= INSTRUCTIONS TO FOLLOW =
The listing below should be written out exactly; please include all of it.

= DATA EXCERPT =
○ ○ ○ ○
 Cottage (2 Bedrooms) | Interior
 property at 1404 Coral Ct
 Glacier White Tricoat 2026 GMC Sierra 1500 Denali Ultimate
○ ○ ○ ○
= YOUR RESPONSE =
 Cottage (2 Bedrooms) | Interior
 property at 1404 Coral Ct
 Glacier White Tricoat 2026 GMC Sierra 1500 Denali Ultimate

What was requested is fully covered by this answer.